* RECORDS SHOWN *
_ _ _ _

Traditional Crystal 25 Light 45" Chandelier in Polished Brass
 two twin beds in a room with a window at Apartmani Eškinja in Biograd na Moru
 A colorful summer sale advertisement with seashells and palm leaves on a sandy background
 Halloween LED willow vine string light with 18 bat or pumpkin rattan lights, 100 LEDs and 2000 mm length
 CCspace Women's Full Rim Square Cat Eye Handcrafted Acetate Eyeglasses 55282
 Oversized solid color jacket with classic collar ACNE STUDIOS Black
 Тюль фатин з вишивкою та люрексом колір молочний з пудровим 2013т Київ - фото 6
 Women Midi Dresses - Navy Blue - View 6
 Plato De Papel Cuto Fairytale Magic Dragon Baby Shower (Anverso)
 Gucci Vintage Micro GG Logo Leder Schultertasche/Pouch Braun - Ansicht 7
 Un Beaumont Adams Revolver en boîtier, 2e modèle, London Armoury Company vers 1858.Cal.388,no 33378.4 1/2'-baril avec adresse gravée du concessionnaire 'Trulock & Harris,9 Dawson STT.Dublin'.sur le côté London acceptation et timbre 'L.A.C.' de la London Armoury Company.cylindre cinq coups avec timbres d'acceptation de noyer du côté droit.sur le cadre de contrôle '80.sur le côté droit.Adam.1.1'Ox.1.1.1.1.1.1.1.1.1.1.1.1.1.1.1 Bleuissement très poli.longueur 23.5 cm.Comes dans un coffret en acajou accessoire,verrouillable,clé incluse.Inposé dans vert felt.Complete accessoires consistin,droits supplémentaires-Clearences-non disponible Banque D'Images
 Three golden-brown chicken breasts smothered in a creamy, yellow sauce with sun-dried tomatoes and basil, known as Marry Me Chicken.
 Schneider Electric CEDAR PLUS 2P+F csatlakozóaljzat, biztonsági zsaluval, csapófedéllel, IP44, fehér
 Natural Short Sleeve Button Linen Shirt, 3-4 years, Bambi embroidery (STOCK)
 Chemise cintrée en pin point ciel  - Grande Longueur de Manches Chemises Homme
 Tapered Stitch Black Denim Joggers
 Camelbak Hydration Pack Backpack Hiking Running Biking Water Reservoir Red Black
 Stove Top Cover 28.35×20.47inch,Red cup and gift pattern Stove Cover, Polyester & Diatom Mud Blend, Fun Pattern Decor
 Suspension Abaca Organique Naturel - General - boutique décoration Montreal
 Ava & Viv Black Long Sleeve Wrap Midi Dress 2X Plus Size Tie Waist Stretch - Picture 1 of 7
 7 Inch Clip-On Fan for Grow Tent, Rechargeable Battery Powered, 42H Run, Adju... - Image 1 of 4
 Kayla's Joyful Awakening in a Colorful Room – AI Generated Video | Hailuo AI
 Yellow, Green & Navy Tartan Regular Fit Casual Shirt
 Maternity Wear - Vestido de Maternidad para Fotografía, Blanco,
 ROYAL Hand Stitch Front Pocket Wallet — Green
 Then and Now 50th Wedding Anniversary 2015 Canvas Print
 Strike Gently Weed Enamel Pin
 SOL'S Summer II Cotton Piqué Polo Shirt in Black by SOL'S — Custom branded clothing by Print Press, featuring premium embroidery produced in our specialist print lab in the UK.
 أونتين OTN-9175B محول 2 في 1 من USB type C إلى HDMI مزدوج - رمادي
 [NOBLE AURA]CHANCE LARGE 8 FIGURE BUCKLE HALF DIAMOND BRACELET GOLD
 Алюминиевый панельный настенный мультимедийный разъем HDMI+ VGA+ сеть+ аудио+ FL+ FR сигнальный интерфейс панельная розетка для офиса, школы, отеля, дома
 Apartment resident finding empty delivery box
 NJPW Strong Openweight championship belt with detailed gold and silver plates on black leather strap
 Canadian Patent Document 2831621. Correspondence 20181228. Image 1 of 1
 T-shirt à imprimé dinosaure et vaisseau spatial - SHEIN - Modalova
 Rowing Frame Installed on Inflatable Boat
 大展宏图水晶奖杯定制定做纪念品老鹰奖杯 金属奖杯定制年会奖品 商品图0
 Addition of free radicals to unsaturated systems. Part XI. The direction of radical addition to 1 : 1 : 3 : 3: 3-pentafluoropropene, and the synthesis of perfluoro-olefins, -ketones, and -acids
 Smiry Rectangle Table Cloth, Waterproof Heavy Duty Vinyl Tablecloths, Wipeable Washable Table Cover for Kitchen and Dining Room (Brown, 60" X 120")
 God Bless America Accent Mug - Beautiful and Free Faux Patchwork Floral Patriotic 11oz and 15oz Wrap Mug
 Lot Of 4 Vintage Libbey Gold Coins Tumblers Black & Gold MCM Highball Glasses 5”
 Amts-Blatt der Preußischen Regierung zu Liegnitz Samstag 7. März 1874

_ _ _ _

Reproduce only the lines above, starting at the line with "CCspace Women's Full" and ending at the line with "Gucci Vintage Micro", exactly as written.

* WRITTEN RESPONSE *
 CCspace Women's Full Rim Square Cat Eye Handcrafted Acetate Eyeglasses 55282
 Oversized solid color jacket with classic collar ACNE STUDIOS Black
 Тюль фатин з вишивкою та люрексом колір молочний з пудровим 2013т Київ - фото 6
 Women Midi Dresses - Navy Blue - View 6
 Plato De Papel Cuto Fairytale Magic Dragon Baby Shower (Anverso)
 Gucci Vintage Micro GG Logo Leder Schultertasche/Pouch Braun - Ansicht 7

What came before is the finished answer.